40代以降になったら少しずつ考えよう〜歯を失った場合の選択肢〜

こんにちは。歯科医師の松浦直美です。

歯が抜けた夢を見たら、よくないことが起こるとか、ストレスが溜まっている証拠だとか・・・いろんなことが言われていますが、私も何度か見たことがあります。しかし、別によくないことは起こらなかったな〜。むしろ、「あ〜夢でよかった!」と心からほっとしたことを覚えています。

しかし、長い人生では、実際に歯が抜けてしまうこともあります。虫歯と歯周病が2大原因ですが、他にも根の治療をした後の嚢胞やひび割れなど、年齢を重ねてくると歯を抜かなければならない場面に出会ってしまうことも多くなります。

しかし、そこで大切なのが歯が抜けた後の修復。抜けたままにしていいのは親知らずくらいです。それ以外の歯が抜けた時には、決してそのままにしないで下さい。抜けた部分を適切に修復することが、他の歯を守ることにつながります。

歯が抜けた後の選択肢

歯が抜けてしまったら、選択肢がいくつかあります。一つ一つ、見ていきましょう。

ブリッジ

抜けた部分の両脇にしっかりした歯が残っていれば、その歯を利用して3本(もしくはそれ以上になることも)が繋がった人工の歯を専用のセメントでくっつけます。

ブリッジのメリット
固定式なのでしっかりしていて噛みやすい。

ブリッジのデメリット
両脇の健康な歯を大きく削る必要がある。
歯磨きがしにくい部分がある。
材料によっては銀などで目立つ。

入れ歯

歯のない部分が大きかったり、ブリッジにするために歯を削りたくないという場合には、取り外し式の入れ歯を入れる場合もあります。修復する歯の本数や場所によって様々な形がありますが、人工の歯と歯ぐきを形作ったものを、金属のバネなどで残存している歯に取り付けて使用します。

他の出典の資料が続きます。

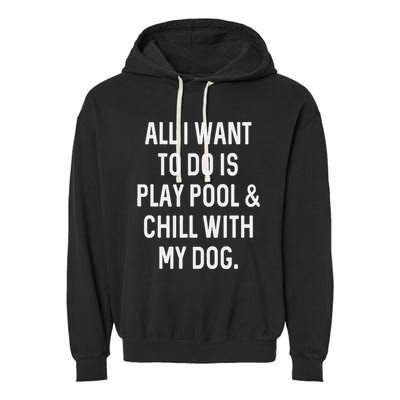 Pool Player Gifts Women Chill With Dog Billiards Garment-Dyed Fleece Hoodie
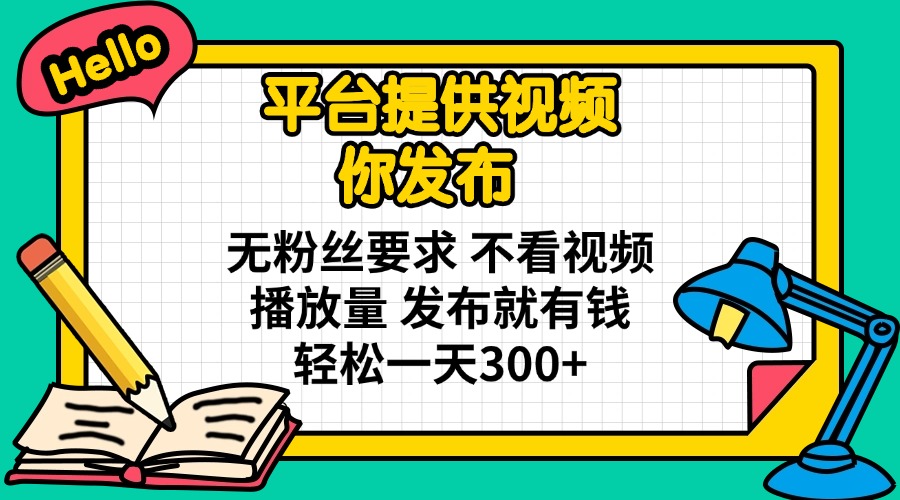 平台提供视频 你发布 无粉丝要求 不看视频播放量 发布就有钱 轻松一天300+-Xiaobei云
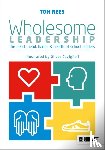 Rees, Tom - Wholesome Leadership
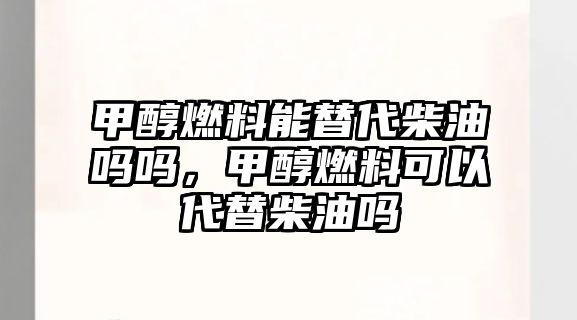 甲醇燃料能替代柴油嗎嗎，甲醇燃料可以代替柴油嗎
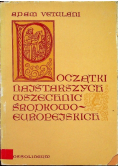 Początki najstarszych wszechnic środkowoeuropejskich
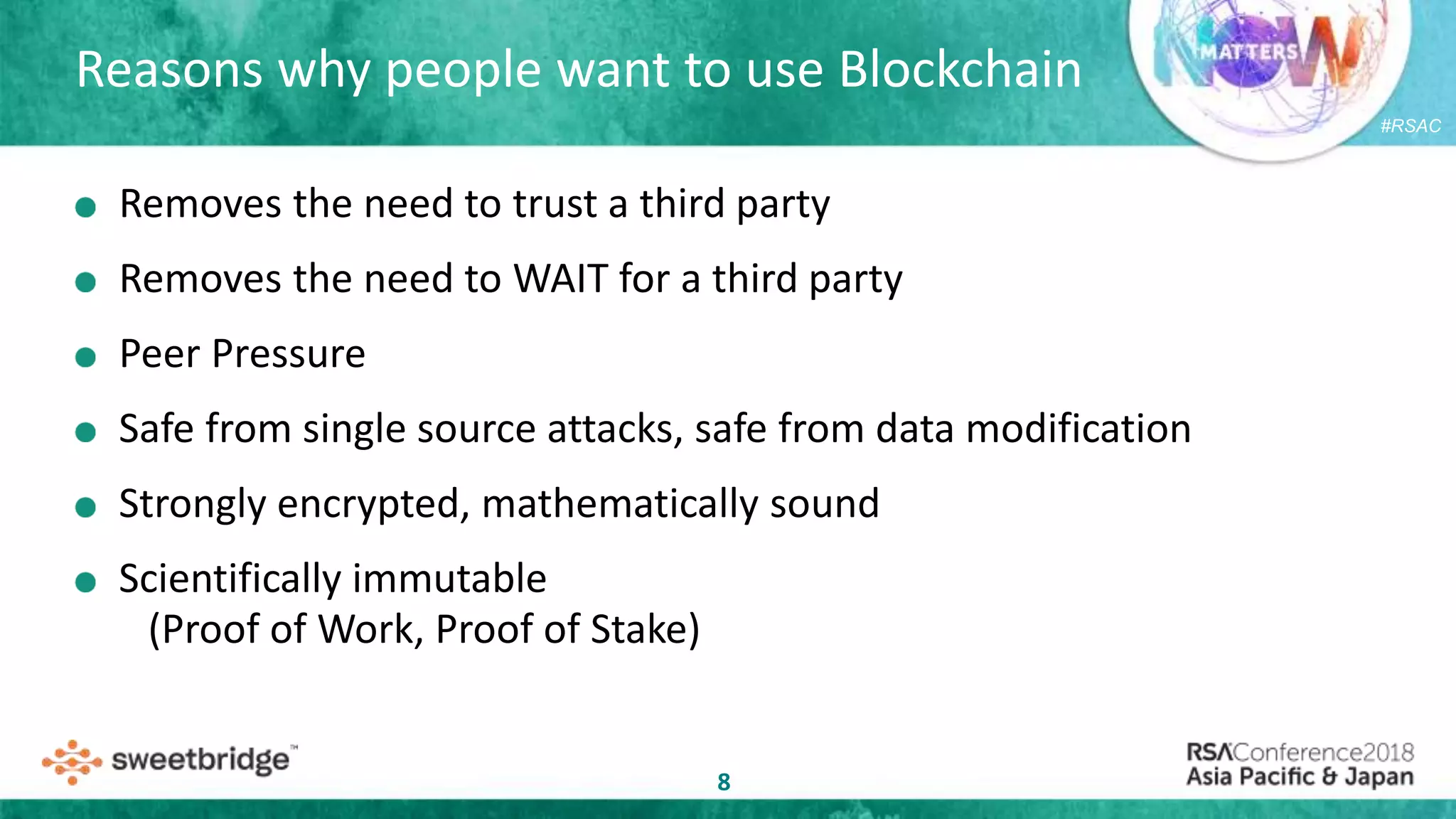 #RSAC
Reasons why people want to use Blockchain
8
Removes the need to trust a third party
Removes the need to WAIT for a third party
Peer Pressure
Safe from single source attacks, safe from data modification
Strongly encrypted, mathematically sound
Scientifically immutable
(Proof of Work, Proof of Stake)
 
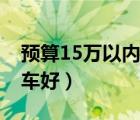 预算15万以内买什么车好（15万以内买什么车好）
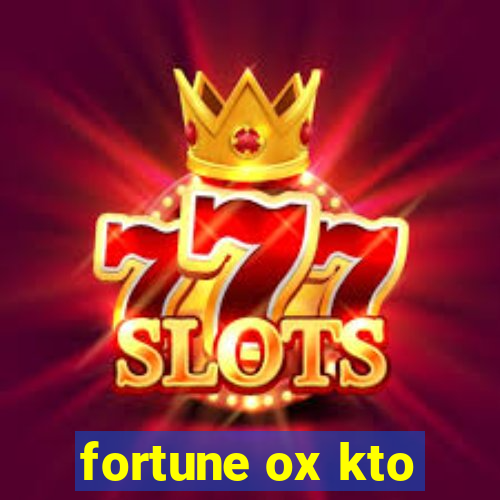 fortune ox kto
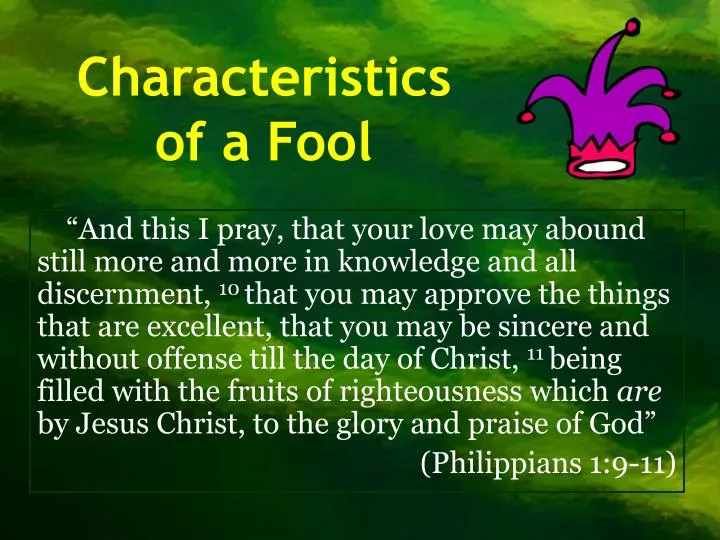 characteristics of a fool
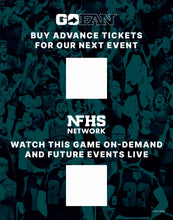 Load image into Gallery viewer, GoFan &amp; NFHS Network on Both Sides  (6 Signs)
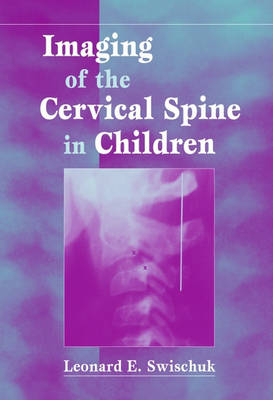 Imaging of the Cervical Spine in Children -  Leonard E. Swischuk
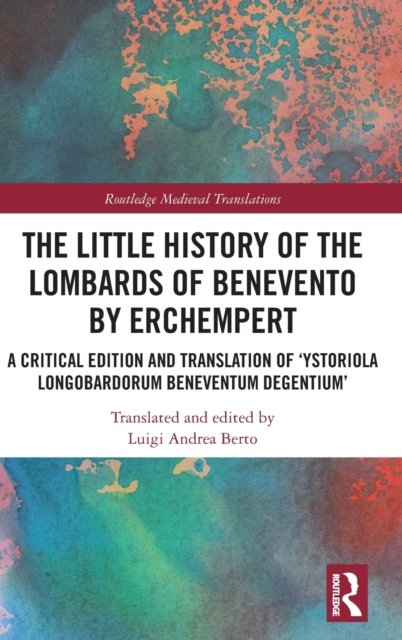 The Little History of the Lombards of Benevento by Erchempert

歯がない部分が多くなると、このような形になっていきます。

入れ歯のメリット
残りの歯を削る量が少ない。
取り外して洗浄できるため、清潔を保ちやすい。
保険内であれば安価。

入れ歯のデメリット
取り外し式なので面倒。
歯ぐきの形と合わなくなると痛みや食べ物が入り込むようになり、調整や再製作が必要になる。
金属のバネなどは周りの歯に負担をかける。

インプラント

抜けた歯の部分にチタン製の人工の歯根を埋め込んで、その上にセラミックなどの白い歯を被せて使用します。

インプラントのメリット
他の歯の力を借りることがないため、他の歯に負担をかけて弱める心配がない。
固定式で、自分の歯に近い噛み心地が得られる。
セラミックなどの歯を入れるため、見た目が美しい。

インプラントのデメリット
人工歯根を埋め込むための手術が必要。
治療終了まで時間がかかる(仮の歯を入れたりして見た目と機能は確保しています)
保険外診療のため、費用がかかる

上記が一般的な修復方法です。

どの治療にも一長一短があり、適応も患者さんによって違います。どの方法で修復するのかを担当医としっかりと話し合い、納得のいく治療をうけることで、歯を失っても大きく見た目や食べる楽しみを失わないようにしていただきたいと思います。

初めの一本が抜けてしまった時が肝心!決して、そのままにしないで下さい。